**What to produce**
For every record that follows, transcribe the text exactly and leave any image out.

**The data**
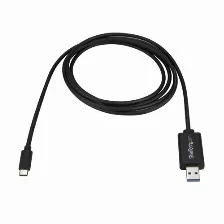 Cable Usb Startech.com Usb A A Usb C, 5000 Mbit/s, Negro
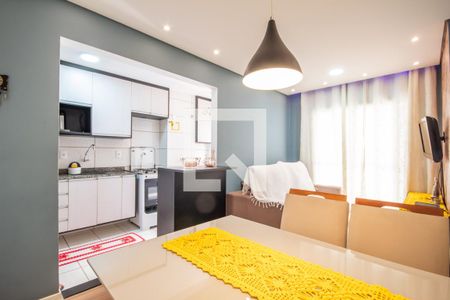 Sala de apartamento para alugar com 2 quartos, 49m² em Novo Osasco, Osasco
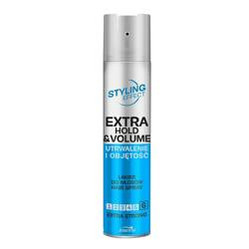Styling Effect lakier do włosów dodający objętości Ekstra Mocny 250ml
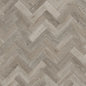 Traditional Grey Oak Parquet - Polyflor Conceptline LVT swatch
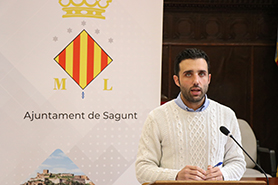 L'Ajuntament de Sagunt posa en marxa una plataforma en línia de servici a domicili amb comerços locals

**Solution**
 Cable Usb Startech.com Usb A A Usb C, 5000 Mbit/s, Negro
 Sala de apartamento para alugar com 2 quartos, 49m² em Novo Osasco, Osasco
Styling Effect lakier do włosów dodający objętości Ekstra Mocny 250ml
 Traditional Grey Oak Parquet - Polyflor Conceptline LVT swatch
 L'Ajuntament de Sagunt posa en marxa una plataforma en línia de servici a domicili amb comerços locals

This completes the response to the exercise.